- _DATA TO PROCESS_:
+-------+

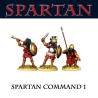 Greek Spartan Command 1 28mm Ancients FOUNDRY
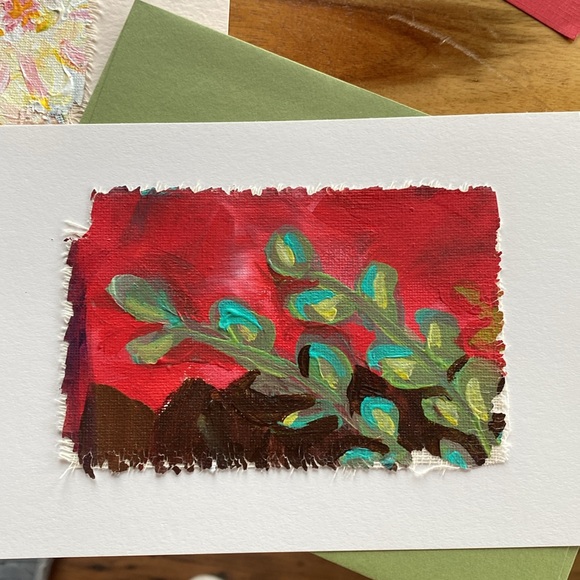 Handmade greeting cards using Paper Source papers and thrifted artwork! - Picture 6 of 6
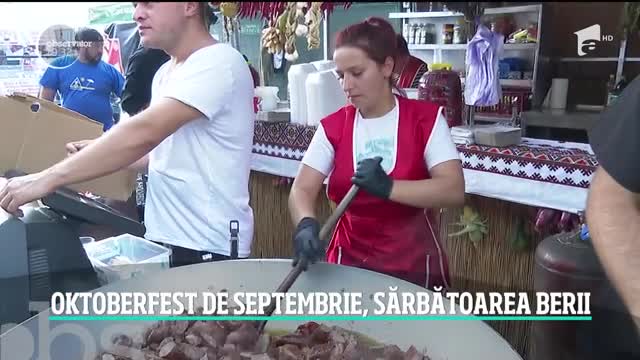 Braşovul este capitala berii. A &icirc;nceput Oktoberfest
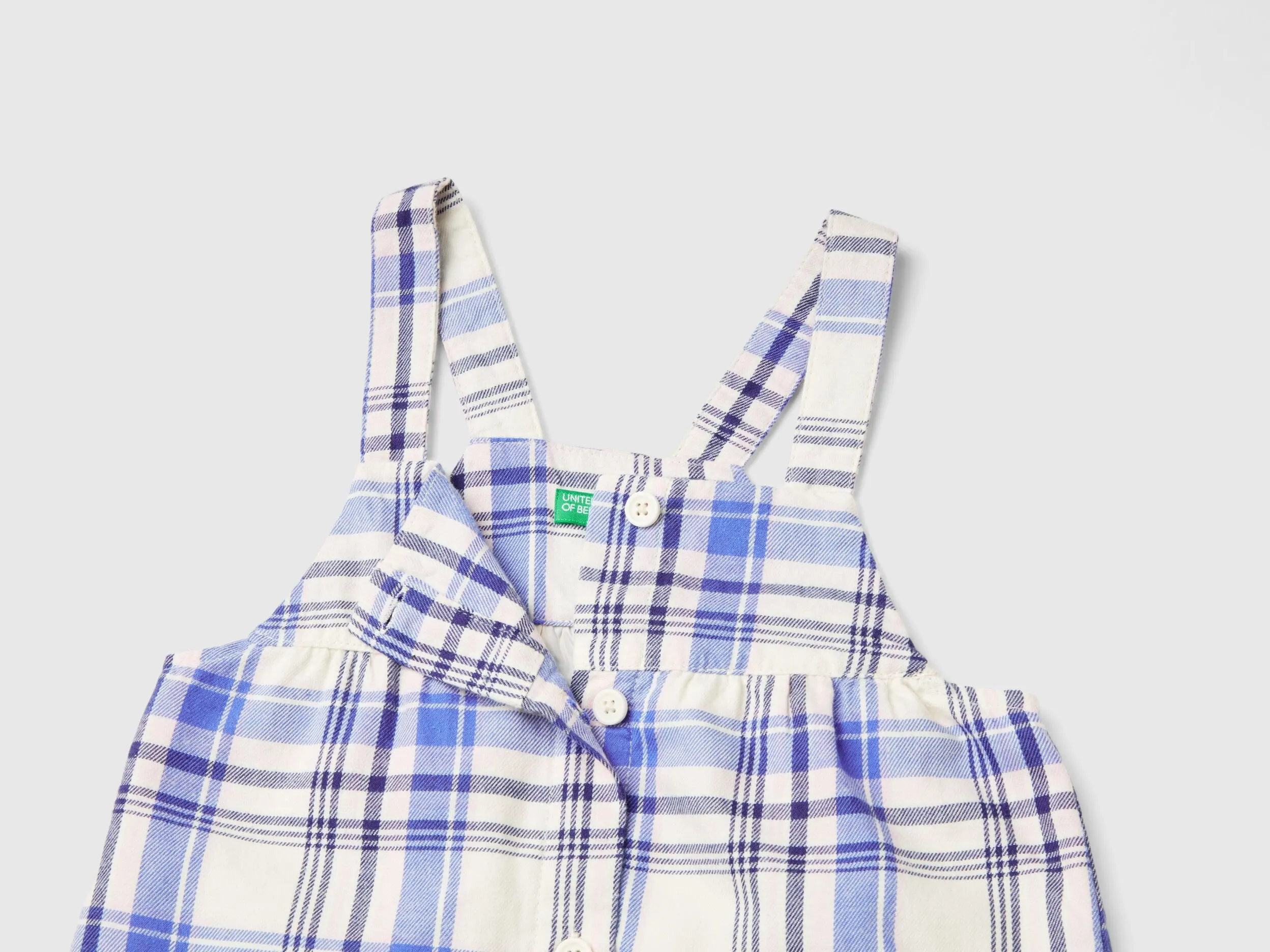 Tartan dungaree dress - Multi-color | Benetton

+-------+

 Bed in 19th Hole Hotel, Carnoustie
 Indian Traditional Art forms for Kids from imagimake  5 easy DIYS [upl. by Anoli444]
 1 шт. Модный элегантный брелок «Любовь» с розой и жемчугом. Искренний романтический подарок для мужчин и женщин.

+-------+

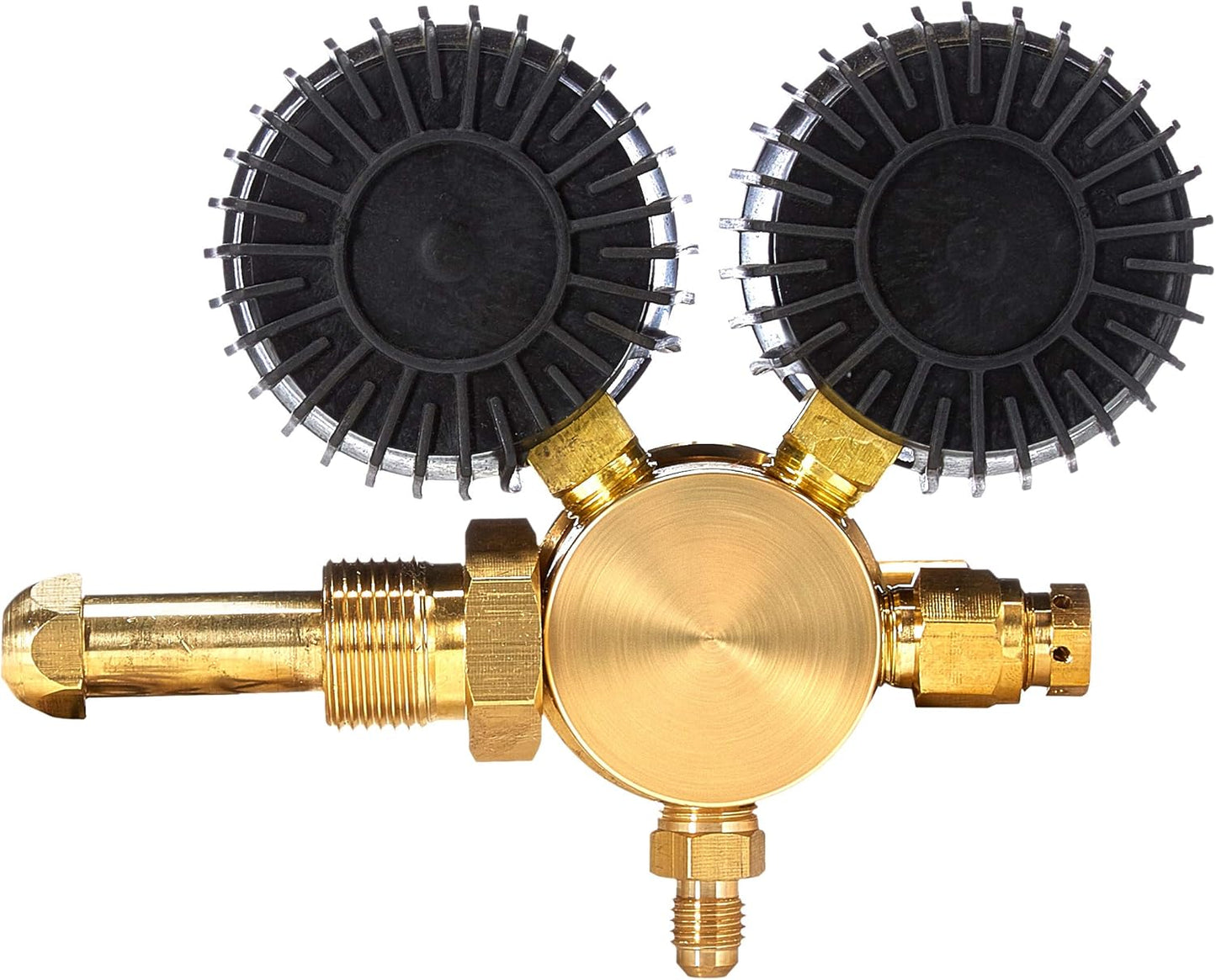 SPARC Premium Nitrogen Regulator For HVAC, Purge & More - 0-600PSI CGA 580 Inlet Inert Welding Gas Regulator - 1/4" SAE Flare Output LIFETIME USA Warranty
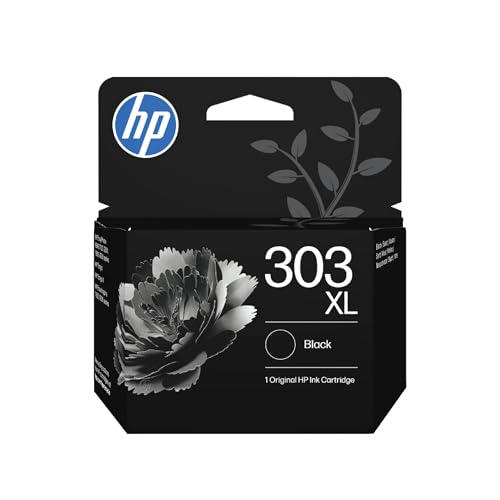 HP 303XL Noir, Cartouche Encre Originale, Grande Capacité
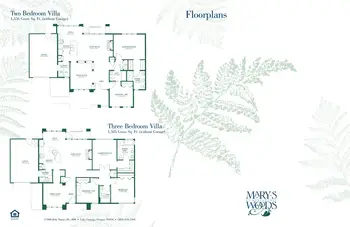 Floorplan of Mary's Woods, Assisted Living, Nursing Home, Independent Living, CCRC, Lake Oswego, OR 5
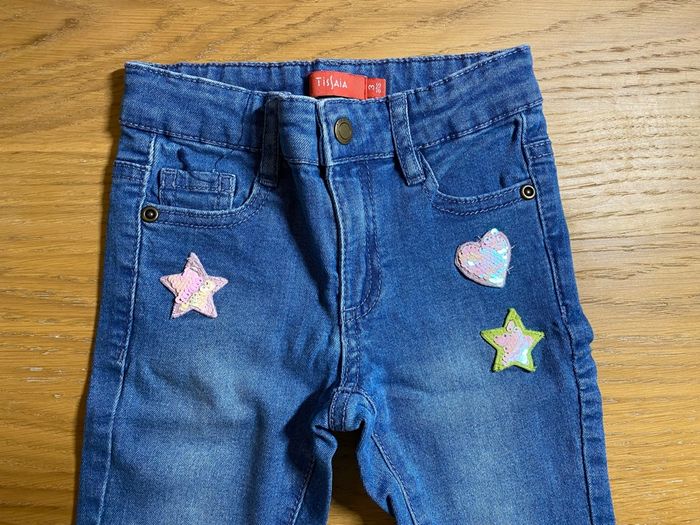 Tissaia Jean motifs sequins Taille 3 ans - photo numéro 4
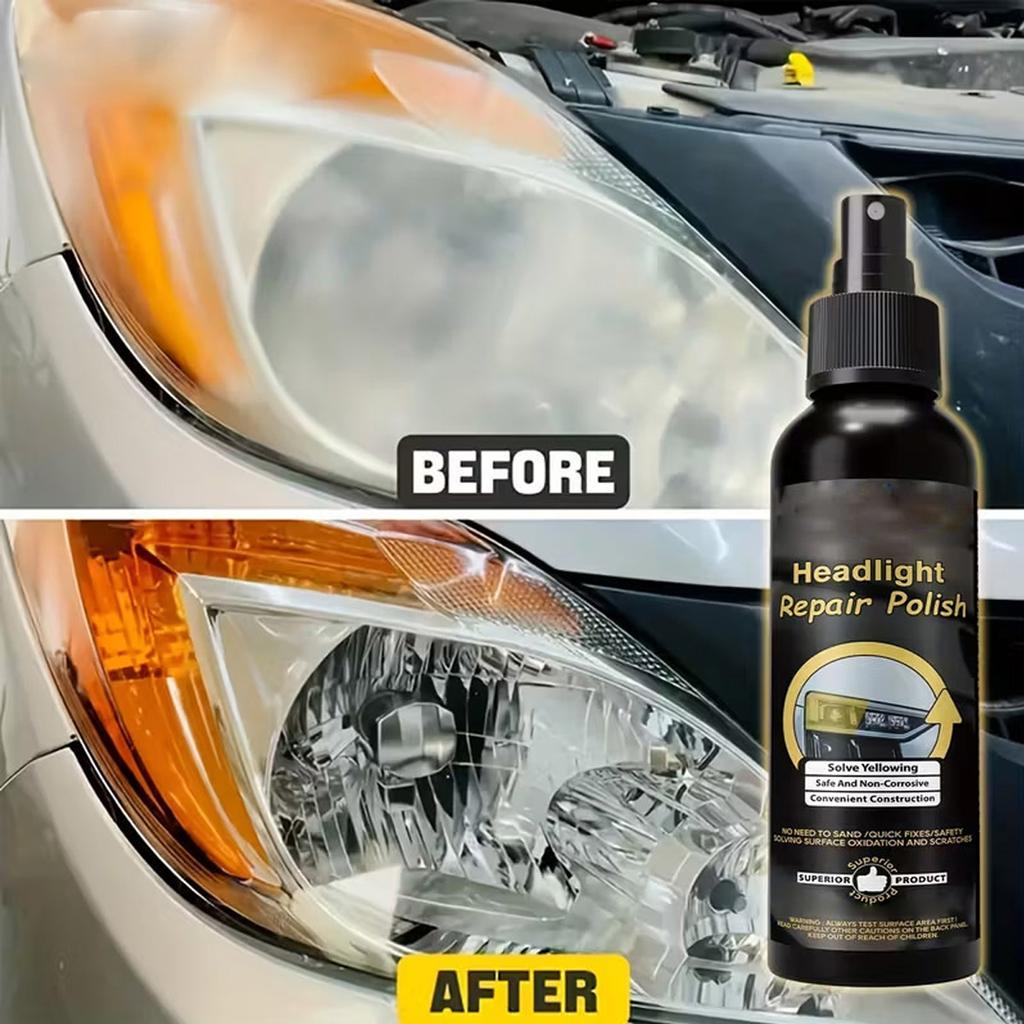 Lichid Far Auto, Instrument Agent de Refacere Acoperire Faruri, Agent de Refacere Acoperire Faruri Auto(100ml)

+-------+

- _WORK TO COMPLETE_: Your answer should consist of the lines above between those holding "Handmade greeting cards" and "Tartan dungaree dress", inclusive, reproduced word for word and without pictures.

- _REPLY_:
 Handmade greeting cards using Paper Source papers and thrifted artwork! - Picture 6 of 6
 Braşovul este capitala berii. A &icirc;nceput Oktoberfest
 Tartan dungaree dress - Multi-color | Benetton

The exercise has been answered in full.